Exploring Go's Functional Iterators (Range-over Functions)

March 09, 2024

Go’s latest version, 1.22, introduces some exciting changes to the language. One of these changes includes an experimental function called ”range-over-function iterators” that has a vast potential to make Go’s range loops more expressive and extensible. It could also make Go more complex. I’ve been exploring this new range iterators feature and I’m writing this article to share some of my thoughts.

What are range-over-function iterators?
Tap to expand

”range-over function iterators” is a mouthful, so I’ll be referring to them simply as ”Function Iterators” throughout this article.

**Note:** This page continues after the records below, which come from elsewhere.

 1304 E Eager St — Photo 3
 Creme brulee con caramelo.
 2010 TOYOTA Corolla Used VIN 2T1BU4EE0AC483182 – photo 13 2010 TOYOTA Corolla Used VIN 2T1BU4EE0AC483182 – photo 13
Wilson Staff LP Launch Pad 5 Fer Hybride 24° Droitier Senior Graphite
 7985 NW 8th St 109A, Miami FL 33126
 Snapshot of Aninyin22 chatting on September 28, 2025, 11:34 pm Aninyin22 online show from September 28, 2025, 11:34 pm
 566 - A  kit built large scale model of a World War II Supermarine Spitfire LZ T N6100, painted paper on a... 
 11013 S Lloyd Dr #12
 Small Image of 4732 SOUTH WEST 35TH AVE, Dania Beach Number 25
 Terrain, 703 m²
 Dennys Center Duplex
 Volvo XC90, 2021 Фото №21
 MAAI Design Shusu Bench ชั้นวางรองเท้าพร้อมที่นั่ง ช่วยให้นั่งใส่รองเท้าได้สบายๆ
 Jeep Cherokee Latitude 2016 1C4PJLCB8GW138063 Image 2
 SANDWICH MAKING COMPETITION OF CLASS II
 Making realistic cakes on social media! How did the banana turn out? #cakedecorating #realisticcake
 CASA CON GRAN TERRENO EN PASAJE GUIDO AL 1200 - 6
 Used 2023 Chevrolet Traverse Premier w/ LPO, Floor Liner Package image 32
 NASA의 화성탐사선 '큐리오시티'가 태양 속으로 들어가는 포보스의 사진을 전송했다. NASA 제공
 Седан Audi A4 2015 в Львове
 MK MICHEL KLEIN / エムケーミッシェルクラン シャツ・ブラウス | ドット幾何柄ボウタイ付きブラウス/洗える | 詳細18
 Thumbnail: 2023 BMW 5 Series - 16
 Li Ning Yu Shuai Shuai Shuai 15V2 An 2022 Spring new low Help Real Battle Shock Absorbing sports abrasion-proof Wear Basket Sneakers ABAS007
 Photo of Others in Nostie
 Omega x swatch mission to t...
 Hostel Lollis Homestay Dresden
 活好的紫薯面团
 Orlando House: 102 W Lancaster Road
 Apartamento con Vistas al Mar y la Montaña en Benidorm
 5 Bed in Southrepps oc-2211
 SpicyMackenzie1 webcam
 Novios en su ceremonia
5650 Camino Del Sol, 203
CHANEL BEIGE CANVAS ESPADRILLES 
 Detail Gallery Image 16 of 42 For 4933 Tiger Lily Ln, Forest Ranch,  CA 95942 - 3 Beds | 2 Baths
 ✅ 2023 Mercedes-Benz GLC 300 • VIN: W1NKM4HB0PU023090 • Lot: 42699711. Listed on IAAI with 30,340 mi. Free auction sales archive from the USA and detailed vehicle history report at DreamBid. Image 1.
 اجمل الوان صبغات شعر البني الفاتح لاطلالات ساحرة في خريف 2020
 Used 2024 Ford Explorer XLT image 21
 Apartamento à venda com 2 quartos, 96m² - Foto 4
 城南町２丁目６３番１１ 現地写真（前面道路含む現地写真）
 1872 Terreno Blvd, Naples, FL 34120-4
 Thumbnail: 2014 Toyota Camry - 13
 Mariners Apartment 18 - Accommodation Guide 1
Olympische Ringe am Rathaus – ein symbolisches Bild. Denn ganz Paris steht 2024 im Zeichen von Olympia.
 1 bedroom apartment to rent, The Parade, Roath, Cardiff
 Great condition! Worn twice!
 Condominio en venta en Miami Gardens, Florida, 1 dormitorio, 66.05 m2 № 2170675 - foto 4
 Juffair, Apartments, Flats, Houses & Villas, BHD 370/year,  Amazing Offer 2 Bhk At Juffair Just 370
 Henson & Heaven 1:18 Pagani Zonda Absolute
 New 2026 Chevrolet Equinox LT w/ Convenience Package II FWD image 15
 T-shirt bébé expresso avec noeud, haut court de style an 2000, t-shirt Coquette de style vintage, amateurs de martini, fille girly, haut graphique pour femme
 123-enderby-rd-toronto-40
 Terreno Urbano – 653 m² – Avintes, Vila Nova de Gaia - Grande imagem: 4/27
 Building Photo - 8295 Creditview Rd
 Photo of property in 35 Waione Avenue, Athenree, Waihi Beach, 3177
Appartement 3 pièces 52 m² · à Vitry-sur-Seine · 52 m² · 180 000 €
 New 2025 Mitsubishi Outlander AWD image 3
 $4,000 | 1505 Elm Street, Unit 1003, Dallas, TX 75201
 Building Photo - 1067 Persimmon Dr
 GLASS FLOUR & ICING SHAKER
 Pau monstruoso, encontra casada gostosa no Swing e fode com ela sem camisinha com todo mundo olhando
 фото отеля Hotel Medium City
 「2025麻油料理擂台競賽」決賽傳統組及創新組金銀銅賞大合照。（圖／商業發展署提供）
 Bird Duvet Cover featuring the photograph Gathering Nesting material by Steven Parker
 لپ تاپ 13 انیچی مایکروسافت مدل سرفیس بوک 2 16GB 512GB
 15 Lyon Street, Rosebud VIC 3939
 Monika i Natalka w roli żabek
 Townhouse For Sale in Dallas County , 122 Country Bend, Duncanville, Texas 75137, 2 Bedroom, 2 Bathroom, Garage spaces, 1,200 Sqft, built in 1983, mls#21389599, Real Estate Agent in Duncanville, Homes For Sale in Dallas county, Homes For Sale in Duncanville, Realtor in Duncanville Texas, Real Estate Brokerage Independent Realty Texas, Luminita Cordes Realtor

Generating and Composing Sequences

If Function Iterators become standardized in Go, we will get a bunch of utility functions that support Function Iterators. The Go announcement wiki gives some hints at standard library functions that could merit returning iterators like strings.Split.

So, I started out by exploring some of this. The first I could think of was an infinite number generator. What if I wanted to write a Go Code like:

start := 1; step := 5
for i := range ToInfinity(start, step) {
	// logic go here and then break when I'm done
}

This will especially be useful in situations where you have to use a forever loop as a retry mechanism and want to keep track of the number of iterations.

The implementation for ToInfinity is:

// ToInfinity returns a sequence of integers from start to infinity with step increment.
func ToInfinity(start, step int) iter.Seq[int] {
	if step > 0 {
		// Forward iteration from start
		return func(yield func(int) bool) {
			for i := start; ; i += step {
				if !yield(i) {
					return
				}
			}
		}
	}

	if step < 0 {
		// Backward iteration from start
		return func(yield func(int) bool) {
			for i := start; ; i += step {
				if !yield(i) {
					return
				}
			}
		}
	}

	return func(yield func(int) bool) {
		// yield only the 'start' value when step 0
		yield(start)
	}
}

Notice how the implementation can also allow looping in the negative direction. The iterator’s code isn’t the most succinct, but this is the price you pay for this new feature’s simplicity.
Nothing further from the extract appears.